Sie merkte, wie die Wut in ihr wieder zu toben begann. «Das behauptet er, aber ich habe keine Unterlagen darüber gefunden.»

«Weiter.»

«Klaus war der Kreative von den beiden – er war brillant –, und Frieder hat sich um die Akquise gekümmert. Nach einer Weile fing der Laden an zu laufen, und Klaus hat sein Studium abgebrochen. Und da geht Frieder hin und verscherbelt die Firma an eine Düsseldorfer Agentur. Klaus’ Ideen, all seine Entwürfe für Kampagnen, die Kundenkartei, alles weg! Und er hat keinen Cent gesehen, weil …»

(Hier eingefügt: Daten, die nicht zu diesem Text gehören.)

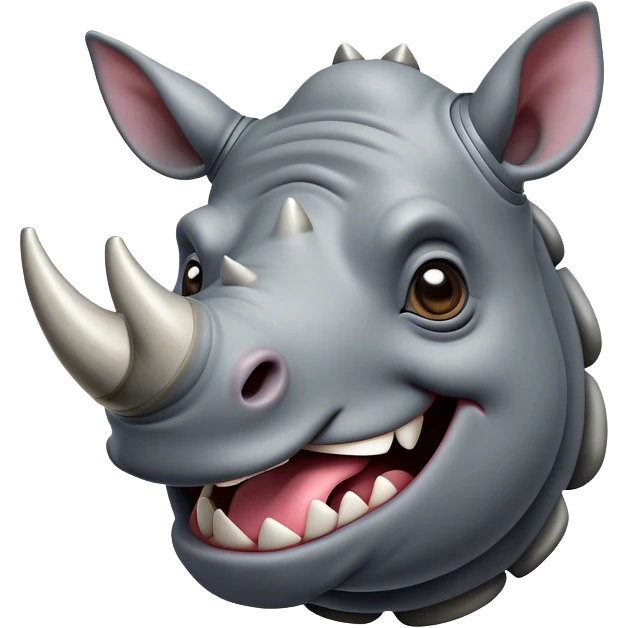 Cinematic Comical Rhinoceros Portrait Emoji, Head tilted dramatically with an exaggeratedly amused expression, featuring a striking, glossy slate-gray hide with a boldly textured horn, wide, expressive eyes filled with playful disbelief, Simplified yet hilariously expressive features, highly detailed, glowing with a slightly sassy glow, high shine, dramatic yet playful, stylized with an air of cheeky wild mischief, bright and endearing, soft glowing outline, capturing the essence of a spirited and over-the-top rhinoceros, so meme-worthy it feels like it could charge its way into internet fame instantly! emoji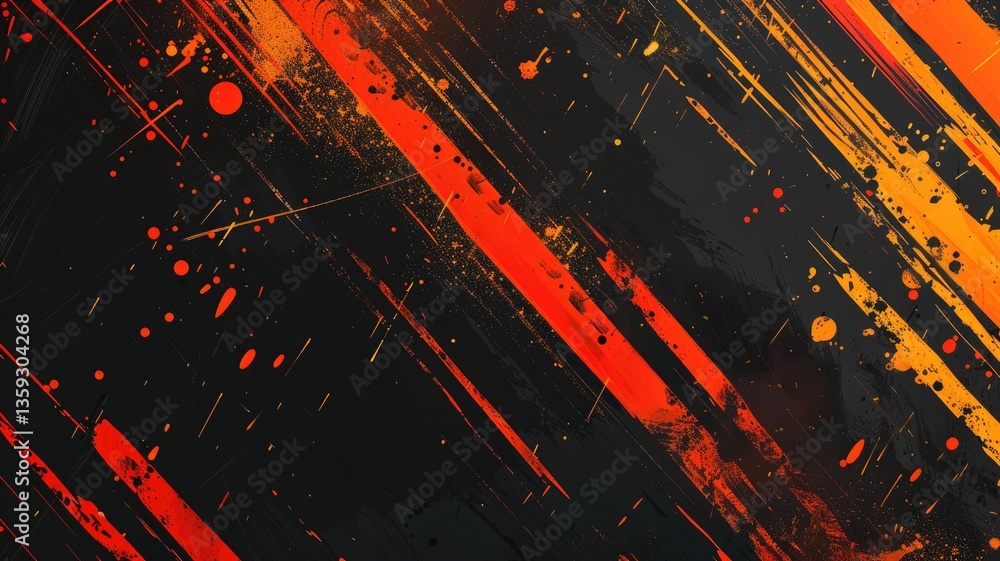 Poster a striking abstract background featuring vivid orange strokes overlayed on a deep black canvas. perf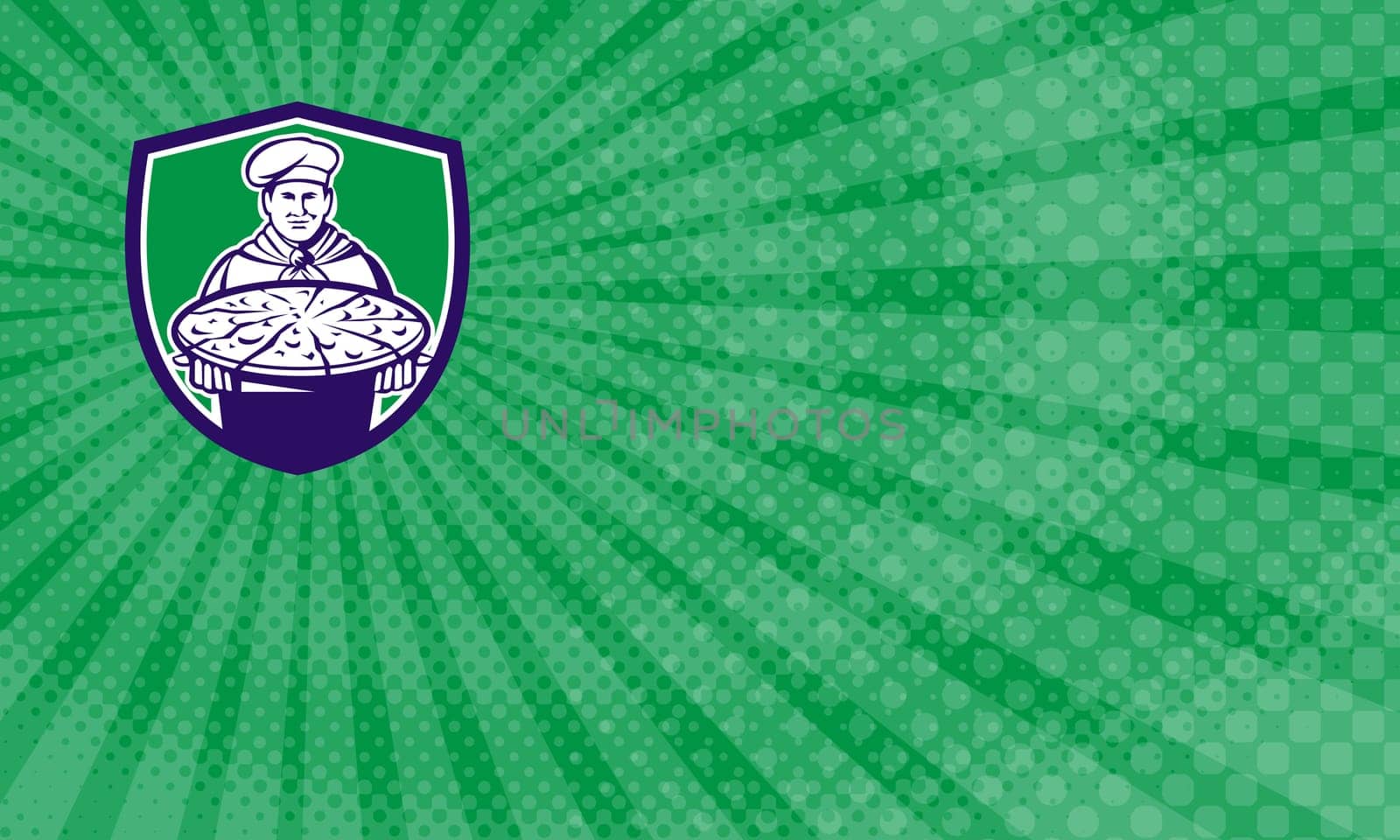 Business Card showing Illustration of a chef, cook baker serving pizza platter facing front set inside shield crest on isolated background done in retro style....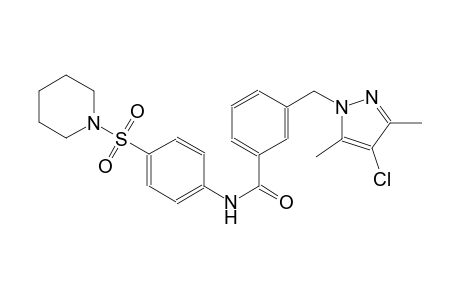 3-[(4-chloro-3,5-dimethyl-1H-pyrazol-1-yl)methyl]-N-[4-(1-piperidinylsulfonyl)phenyl]benzamide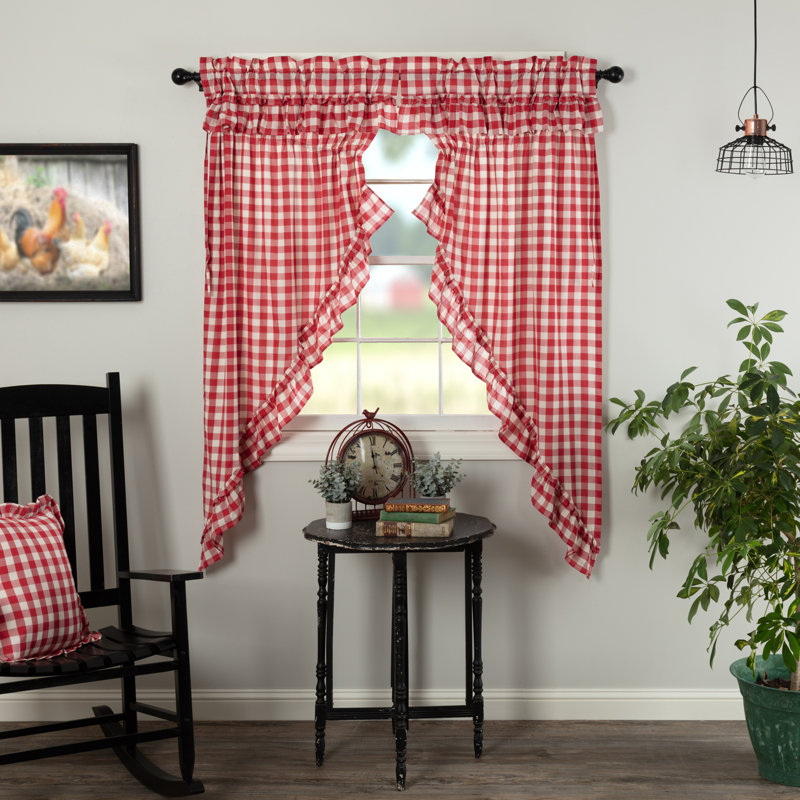 Annie Buffalo Check 100% Cotton Checkered Room Darkening Rod Pocket Curtain Panels, Country Red/Antique Crème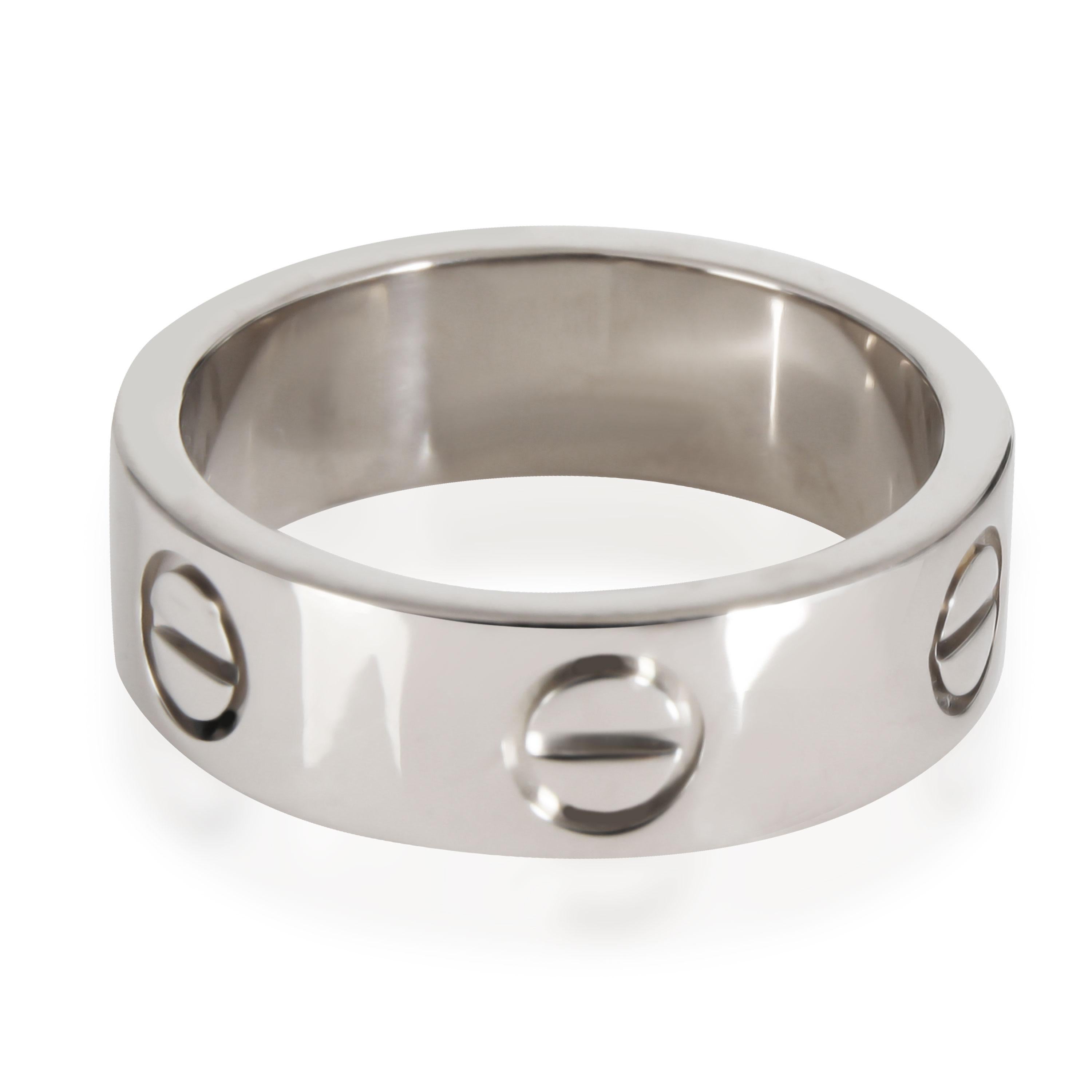 Cartier Love Ring in 18K White Gold

PRIMARY DETAILS
SKU: 111611
Listing Title: Cartier Love Ring in 18K White Gold
Condition Description: Retails for 1950 USD. In excellent condition and recently polished. Ring size is 49.Comes with Certificate of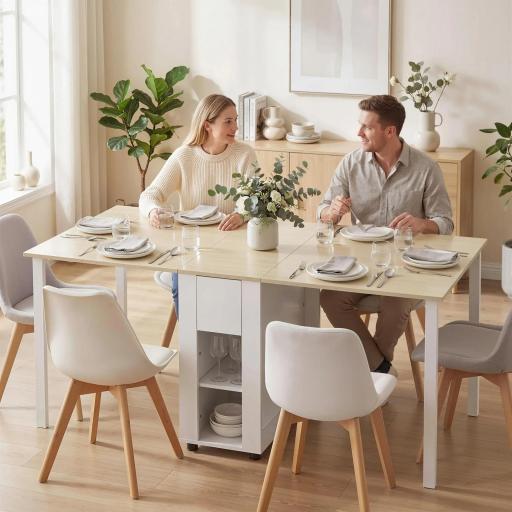 Mesa de Cocina Plegable para 6 Personas con Alas Abatibles Cajón Estantes Abiertos 168,2x85x73 cm Blanco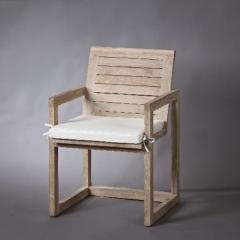 כסא לבן מעץ טיק - וסטו VASTU - גלריית רהיטים מעץ מלא 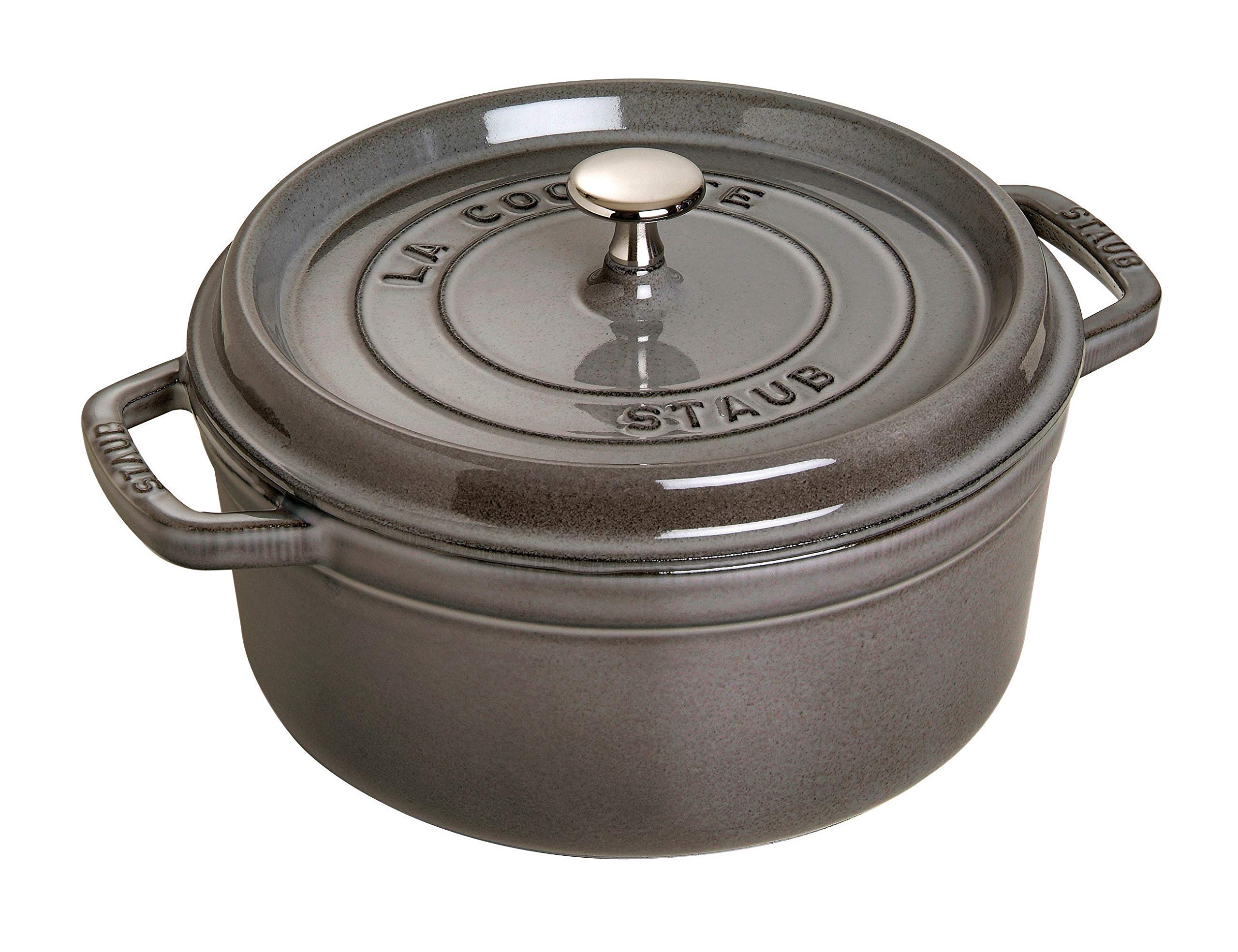 Staub Cast Iron 9-Qt Round Cocotte - Graphite Grey, Made In France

«Weil es keine Verträge gab.»

«Ja, es gab überhaupt nichts Schriftliches, nichts war geschützt, wir konnten nichts tun. Und dann …» Sie schluchzte auf. «Er kam nicht zur Probe, ich habe immer wieder angerufen, aber er war nicht da. Dann kam die Polizei und sagte, er sei tot. Mit dem Auto gegen einen Brückenpfeiler, und es gab – keine Bremsspur.»

Toppe fasste ihre Hand mit dem zerknüllten Taschentuch und drückte sie sacht. «Und Sie sind dennoch bei der ‹13› geblieben, haben dennoch weiter mit Frieder zusammengearbeitet?»

«Ich musste doch weiterleben, das waren meine Freunde …»

Er gab einen Laut von sich, den sie nicht einordnen konnte.

«Eines verstehe ich nicht. Wieso sind Sie auf Patricia losgegangen und nicht auf Frieder?»

«Ich weiß nicht, vielleicht, weil sie gesagt hat, dass unser Name nie geschützt war und dass sie ihn jetzt haben schützen lassen. Dabei hat sie über unsere Dummheit gelacht.»

 

Haferkamp stand am Fenster. Die Taucher hatten die Tatwaffe anscheinend nicht gefunden, denn wieder durchkämmten Polizisten den Park und die angrenzenden Felder.